Das hört sich für mich ein wenig so an, als ob du die Sachen zu teuer einstellst. Wenn du Hügelgräbereisenerz einstellen willst, zieh es erst mal in das Feld oben links und such nach den Angeboten. Dann sortierst du nach Preis Auskaufen und schaust nach, was die billigsten 50er Stacks so kosten. Und den Preis unterbietest du dann leicht. Oder du gehst nach Bree oder Esteldin, die Handwerkszentren für Eriador, und fragst im Handeln-Channel. Wenn du nicht nachts um drei unterwegs bist, sollte es kein Problem sein, einen Abnehmer zu finden, der mehr zahlt als den NPC-Preis.


----------



## Octa (10. August 2010)

Ja wir leben alle in der tuffigen Welt der Regina Regenbogen, wo um 22 Uhr die Musik ausgeht, wir uns von jedem Kollegen auf dem Arbeitsplatz sagen lassen wie unser Job funktioniert weil wir ja so gerne kehren und bloss nicht mit den Kollegen anecken wollen , das gefärdet das Betriebsklima wenn man wiederspricht. Und wenn der Nachbar mal wieder auf dem Balkon gegrillt hat kommt er einen Tag später bestimmt an deine Tür, um nachzufragen ob deine Wäsche Rauch abbekommen hat, er wird sie dir dann selbstverständlich nochmal waschen und weil er ja so rücksichtsvoll, nett und offenherzig ist - dir gebügelt vor die Tür legen. Und wenn der Sprayer deine Hauswand besprüht wird er natürlich am nächsten Tag vorbei kommen mit einem Lappen und nem Kanister Benzin und das Geschmiere wegmachen, weil es dir nicht gefällt...in was für ner Welt lebst du?

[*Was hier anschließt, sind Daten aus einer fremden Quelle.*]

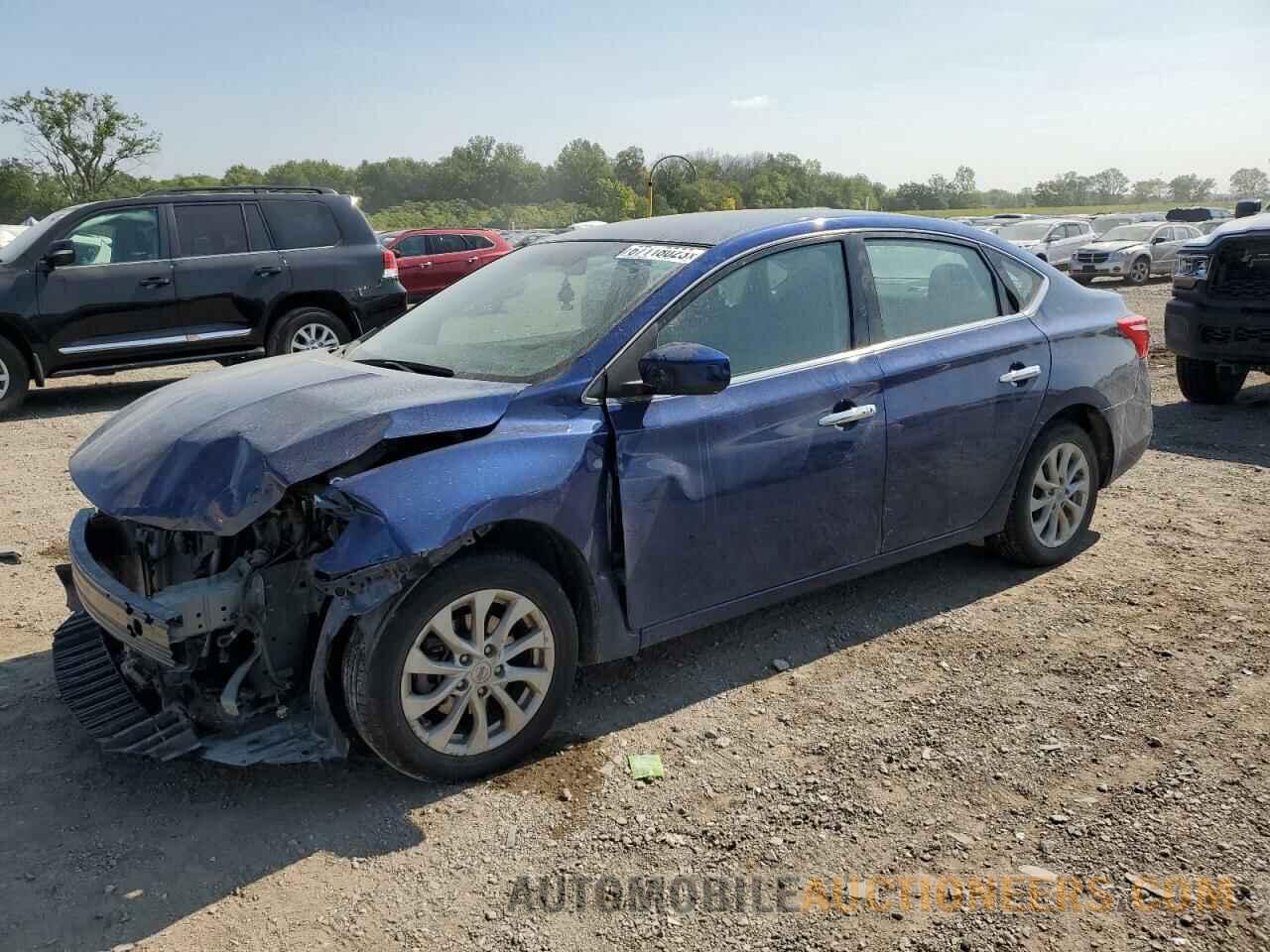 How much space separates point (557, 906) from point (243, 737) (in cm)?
111

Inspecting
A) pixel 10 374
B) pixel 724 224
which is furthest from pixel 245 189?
pixel 724 224

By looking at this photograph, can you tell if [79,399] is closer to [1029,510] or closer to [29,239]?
[29,239]

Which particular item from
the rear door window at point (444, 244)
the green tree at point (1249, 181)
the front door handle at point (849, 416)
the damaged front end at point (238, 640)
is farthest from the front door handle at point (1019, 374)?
the green tree at point (1249, 181)

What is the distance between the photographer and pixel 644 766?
3432 millimetres

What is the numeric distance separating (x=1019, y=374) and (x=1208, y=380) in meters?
5.50

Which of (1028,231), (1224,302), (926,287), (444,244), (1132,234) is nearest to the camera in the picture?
(926,287)

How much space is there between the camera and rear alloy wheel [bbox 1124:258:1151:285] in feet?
85.1

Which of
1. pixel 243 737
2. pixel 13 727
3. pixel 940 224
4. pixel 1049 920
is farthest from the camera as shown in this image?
pixel 940 224

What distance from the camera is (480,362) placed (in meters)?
3.78

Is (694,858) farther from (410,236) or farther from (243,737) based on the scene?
(410,236)

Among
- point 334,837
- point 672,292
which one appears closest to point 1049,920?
point 334,837

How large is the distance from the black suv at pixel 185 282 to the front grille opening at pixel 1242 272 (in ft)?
22.7

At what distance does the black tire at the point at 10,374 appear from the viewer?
926 cm

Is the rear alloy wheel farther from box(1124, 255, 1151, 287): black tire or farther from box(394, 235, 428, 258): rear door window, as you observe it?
box(394, 235, 428, 258): rear door window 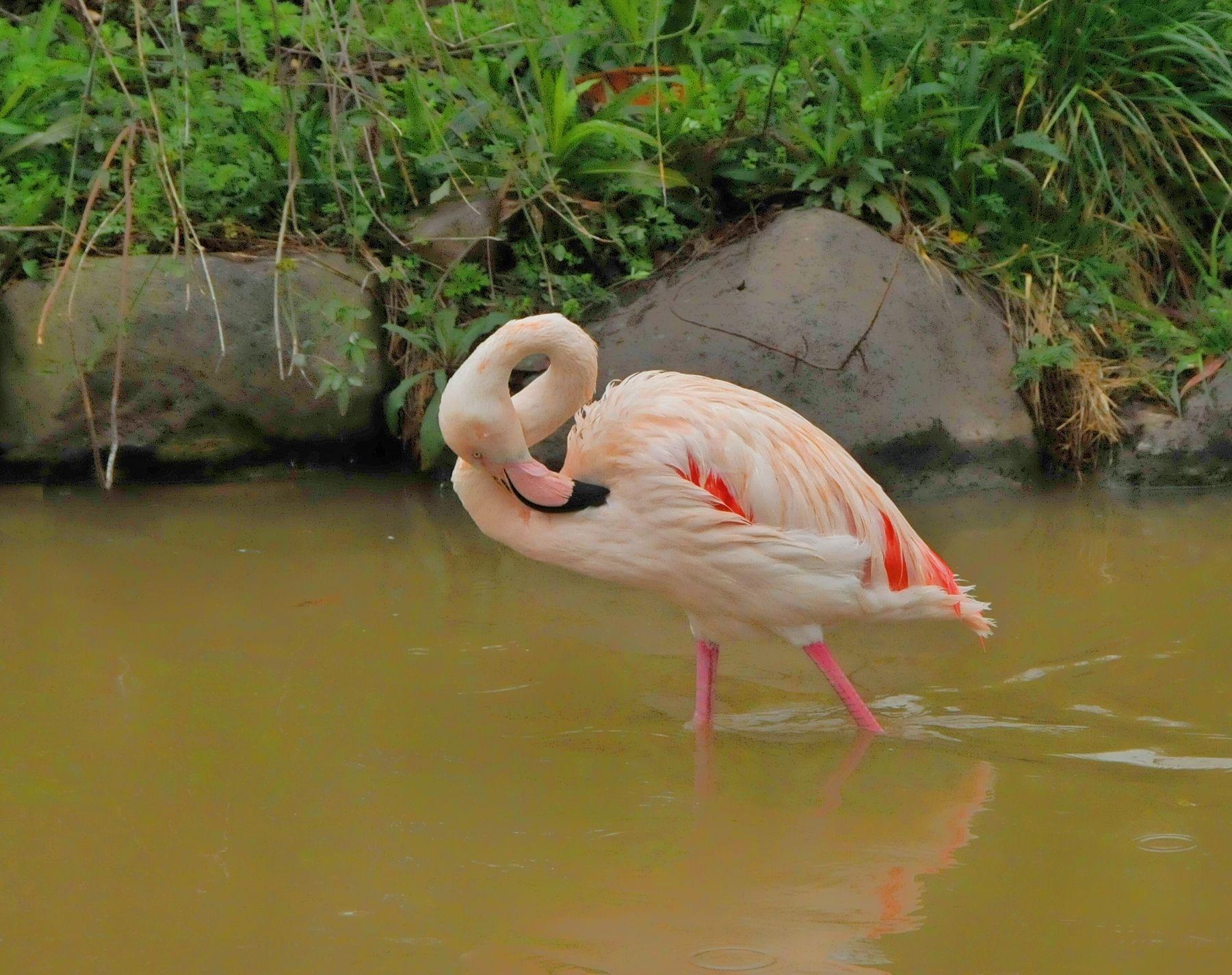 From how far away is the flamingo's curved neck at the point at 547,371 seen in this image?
3.34 m

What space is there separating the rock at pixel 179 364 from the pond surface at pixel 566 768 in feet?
2.03

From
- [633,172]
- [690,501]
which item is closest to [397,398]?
[633,172]

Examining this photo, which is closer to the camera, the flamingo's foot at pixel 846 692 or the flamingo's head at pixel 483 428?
the flamingo's head at pixel 483 428

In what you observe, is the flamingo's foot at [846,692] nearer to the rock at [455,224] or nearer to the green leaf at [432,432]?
the green leaf at [432,432]

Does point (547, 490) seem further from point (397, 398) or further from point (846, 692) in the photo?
point (397, 398)

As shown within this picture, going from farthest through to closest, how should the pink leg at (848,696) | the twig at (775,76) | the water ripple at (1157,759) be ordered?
the twig at (775,76) < the pink leg at (848,696) < the water ripple at (1157,759)

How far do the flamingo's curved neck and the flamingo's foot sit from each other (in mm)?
953

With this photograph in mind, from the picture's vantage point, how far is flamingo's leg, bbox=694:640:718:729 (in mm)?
3662

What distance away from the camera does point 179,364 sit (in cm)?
580

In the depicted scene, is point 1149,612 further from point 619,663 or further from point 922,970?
point 922,970

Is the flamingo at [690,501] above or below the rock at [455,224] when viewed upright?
below

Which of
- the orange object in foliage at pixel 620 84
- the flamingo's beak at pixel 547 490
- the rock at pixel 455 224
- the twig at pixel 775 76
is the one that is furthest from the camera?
the orange object in foliage at pixel 620 84

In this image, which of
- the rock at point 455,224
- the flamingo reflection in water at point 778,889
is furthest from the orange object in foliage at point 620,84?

Du kannst mir jetzt noch 50 Beispiele aufzählen , die Menschen tun nie das was wir gerne hätten. Und weil das so ist gibt es Atoritäten, Funktionäre, Entscheidungsträger, what ever.....und es gibt die die bei jeder Gelegenheit was zu sagen haben was aber "leider" NIEMANDEN interessiert. Die Rentner die die Jugend scheiße findet, die Eltern die dein Outfit und deinen Freund nicht mögen, der Nachbar der dein Fahrrad im Treppenhaus nicht mag und die Nachbarin die auch ja kontrolliert, ob du Mittwochs die Treppe geputzt hast in dem sie dir Mehl unter deine Fußmatte kippt.

Und die Channelpolizei, die mir 10 mal mehr auf den Sack geht als irgendwer der da mal ne Hand voll Erze verkauft.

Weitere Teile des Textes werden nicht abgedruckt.